■ **Source material**
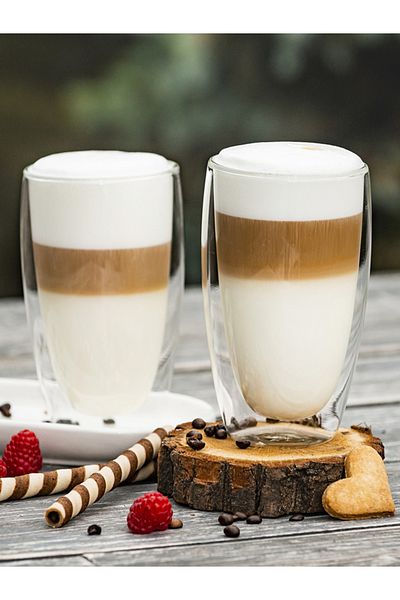 HERA Set 2 pahare cafea cu perete dublu termoizolant, Hera, 460 ml
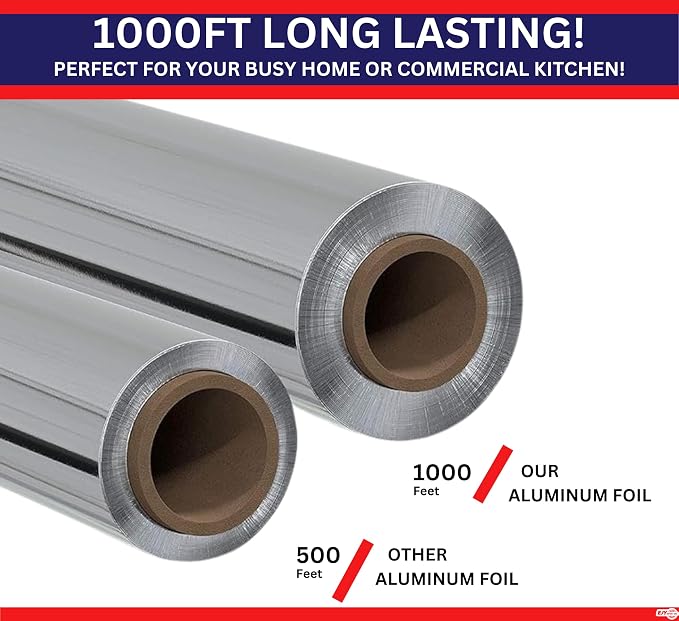 Standard Premium Aluminum Foil | 12”x1000 Feet Long | Industrial Size and - Image 2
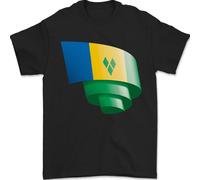 Arricciato Saint Vincent And Grenadines Bandiera Calcio T-Shirt 100% Cotone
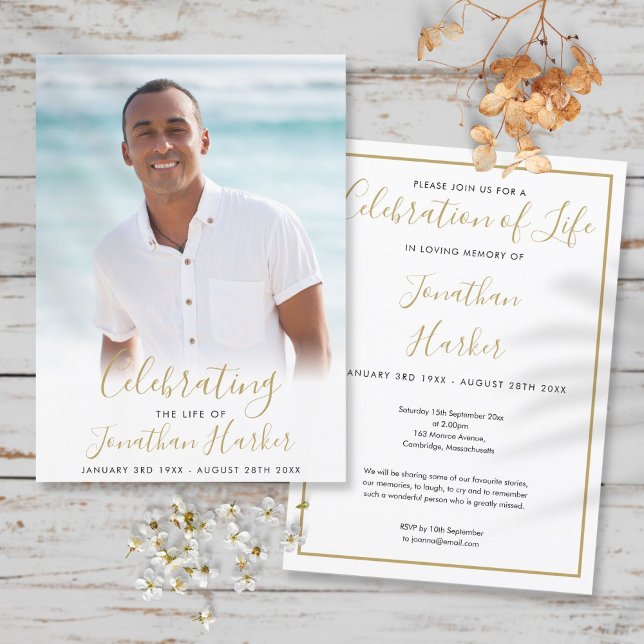 Funeral Photo Gold Script Celebration of Life Invitation (Creator Uploaded)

■ **Aim of the task**
A verbatim copy of the data, pictures removed, is the expected result.

■ **Answer box**
 HERA Set 2 pahare cafea cu perete dublu termoizolant, Hera, 460 ml
 Standard Premium Aluminum Foil | 12”x1000 Feet Long | Industrial Size and - Image 2
 Arricciato Saint Vincent And Grenadines Bandiera Calcio T-Shirt 100% Cotone
 Funeral Photo Gold Script Celebration of Life Invitation (Creator Uploaded)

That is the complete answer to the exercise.